Threads 131-Convergence 9

A spiderweb of fractures spread out from the central crack. A sickening unlight radiated out from them, and to Ling Qi’s alarm, she felt a disquieting sensation as if she were dispersing herself to hide, but involuntarily. Ling Qi seized control back of her own qi just as her fingertips began to dematerialize and drift away. The effort brought a sharp pain like a hundred needles had been jammed into her fingers at once.

She was back on her feet by then, and the others were clambering up as well, many fixing wide eyes on the sky. Ling Qi couldn’t pull her eyes away from the stone.

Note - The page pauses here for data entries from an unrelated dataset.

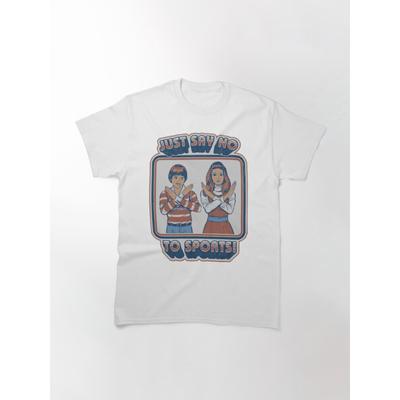 Sag einfach Nein zu Sport-Comics-Kleidung für Herren, lockeres O-Ausschnitt-T-Shirt, Sommer-Mode, lässiges Oversize-Baumwoll-T-Shirt für Paare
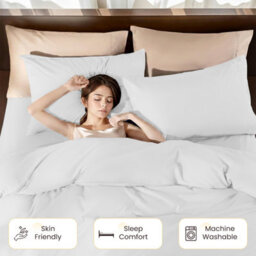 Aspire Homeware White Duvet Cover Set, Soft Microfiber & Reversible, Double (L)200Cm X (W)200Cm - thumbnail 4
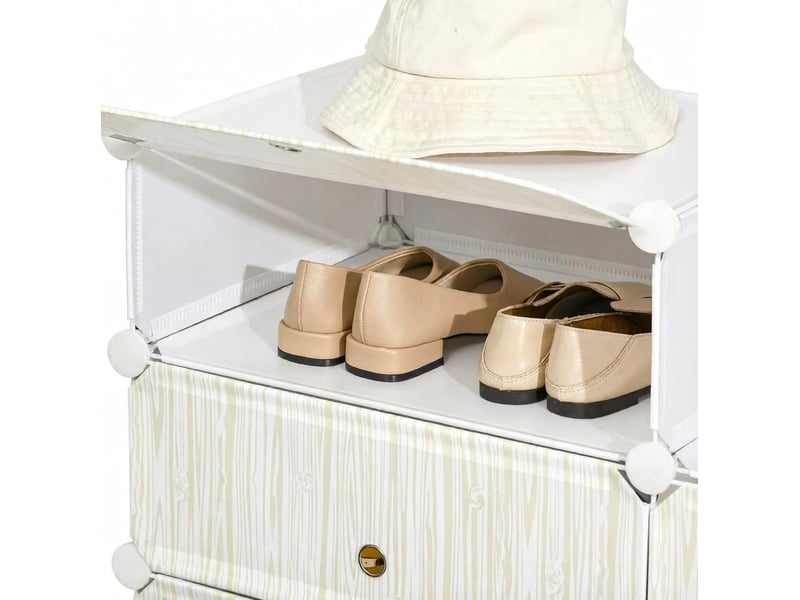  Meuble de rangement modulable avec 6 niches et portes à anneau métallique, anti-basculement, pour chambre, blanc  - Conforama E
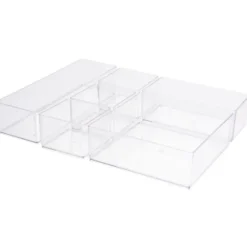 Make-up organizer - 6-vaks - transparant acryl - 30 x 22,5 x 5 cm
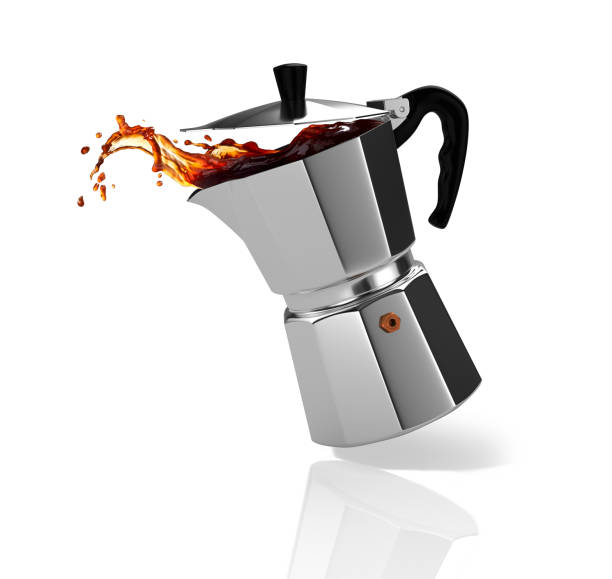 Italian coffee maker with a coffee splash. 3D Illustration. Italian coffee maker with a coffee splash. 3D Illustration. moka stock pictures, royalty-free photos & images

There was another sharp crack, and then a sound like soft stone crumbling and a whole section of the stone caved inward as if it were hollow. She saw fragments scatter, and it became clear that the “stone” was actually a shell. The unlight blazed from within.

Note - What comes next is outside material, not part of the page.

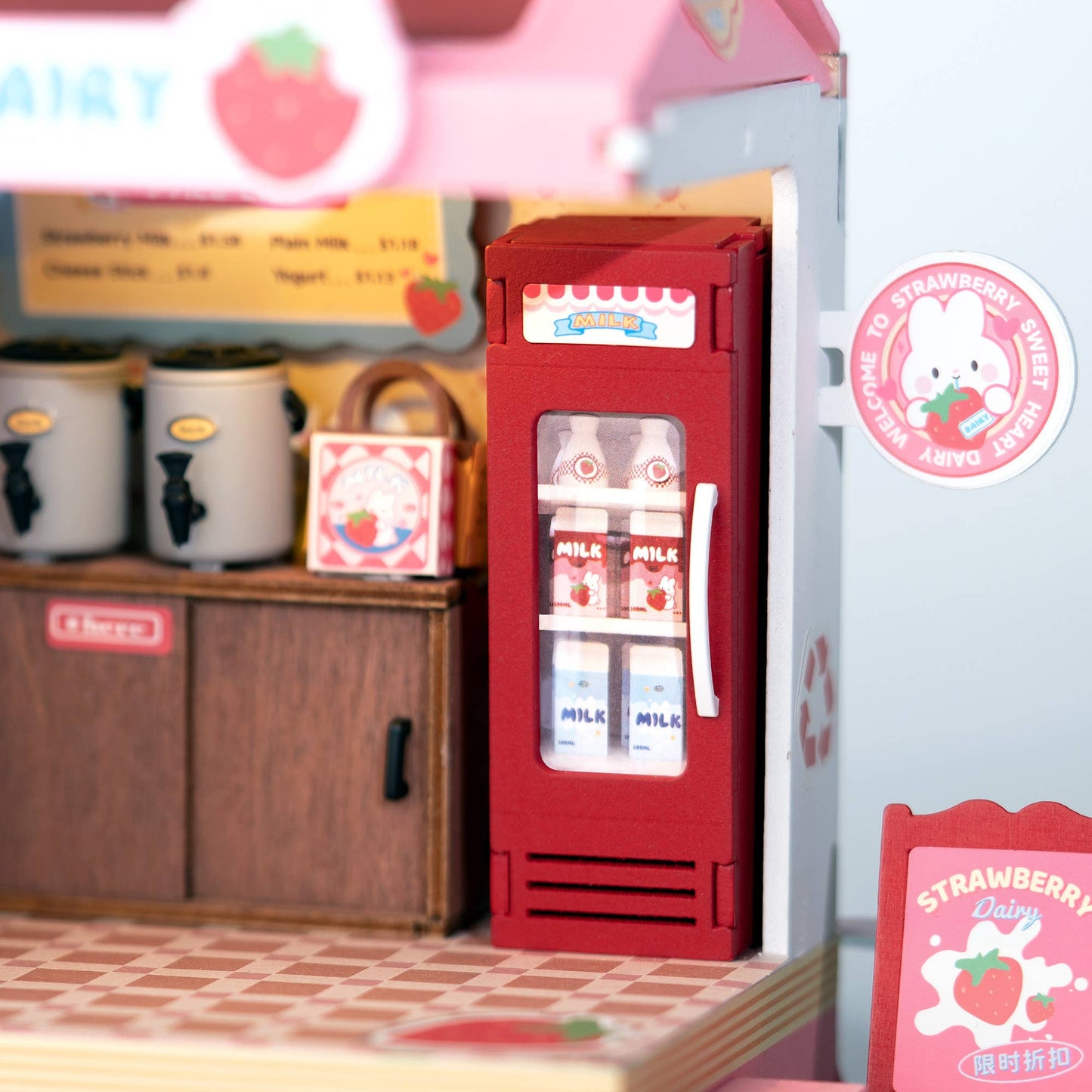 Strawberry Milk Box DIY Miniature House Kit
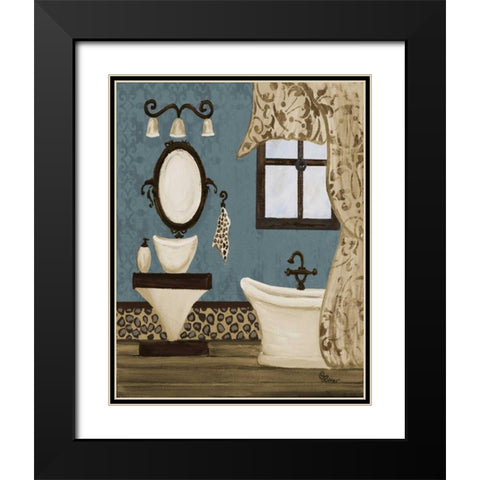Blue Beach Bath IV Black Modern Wood Framed Art Print with Double Matting by Ritter, Gina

$^%^(&&^&%^$ept back, and seven rays of light hewed the sky again. The mountain of gold blazed with all the colors of the dawn and set itself in their path, one hundred hands raised in warding.

Unlight pulsed, and the starstone exploded outward. Ling Qi drew upon darkness and lake qi and summoned the rippling starless shroud even as the Mist descended. She hissed in pain as the shroud tried to absorb the fragments only to violently reject them. Yet, the defensive technique held.

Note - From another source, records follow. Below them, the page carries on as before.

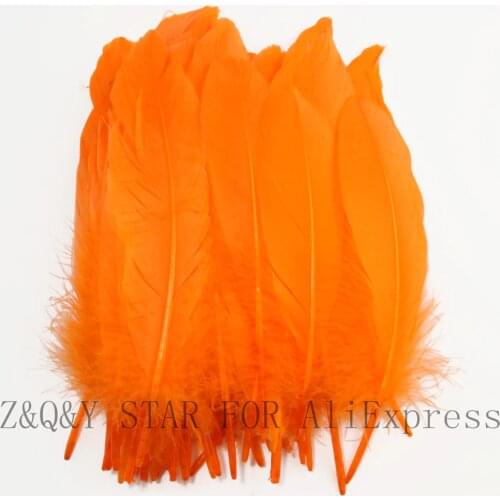 50-200 natural goose feathers 15-20CM dyed orange DIY craft jewelry clothing feathers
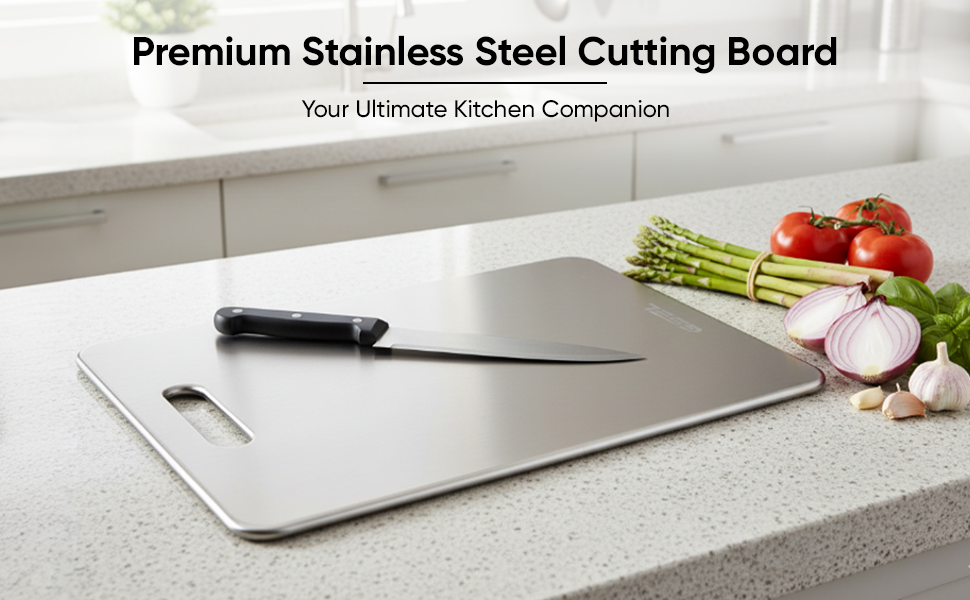 GSEL Stainless Steel Cutting Board – Premium Heavy-Duty Chopping Board for Vegetables, Fruits & Meat | Hygienic, Durable, Knife-Safe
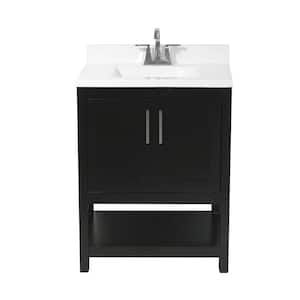 Tufino 25 in. Bath Vanity in Espresso with Cultured Marble Vanity Top with Backsplash in White with White Basin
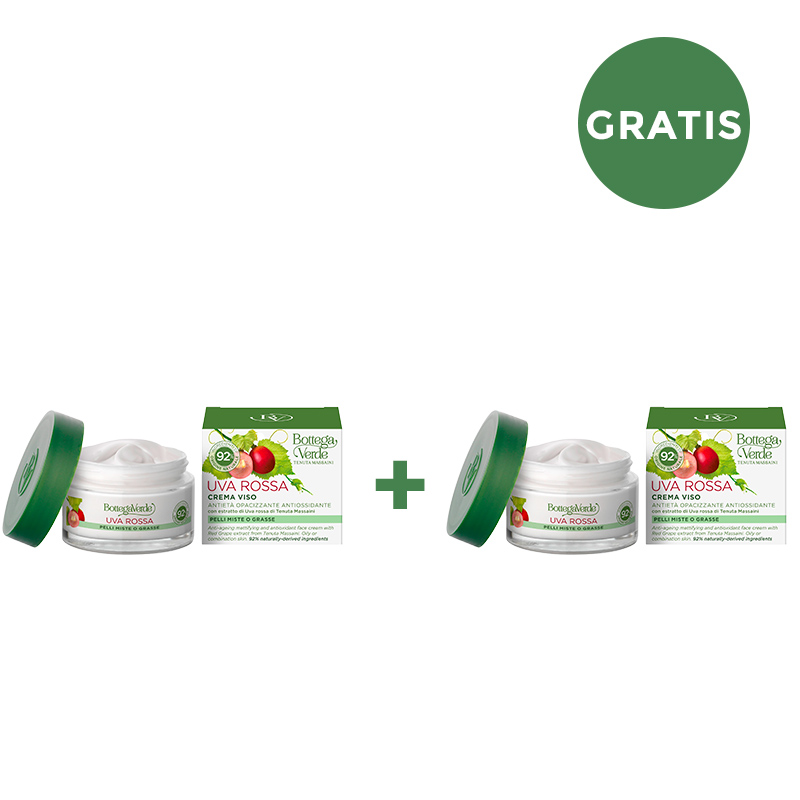 **OFFERTA 1+1 GRATIS** Uva Rossa - Crema viso,antietà opacizzante, con estratto di Uva Rossa di Tenuta Massaini - pelli miste o grasse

The bleeding clouds fled, carried on the winds of a typhoon, and a thousand wounds wept rain upon the land, drowning it in pain. The Inferno howled in rage, and ten thousand devils rent into a hundred thousand pieces dogged its heels, broken bodies and severed limbs hurling themselves after the fleeing clouds in a frenzy. The beat of the drums broke the earth in their fury.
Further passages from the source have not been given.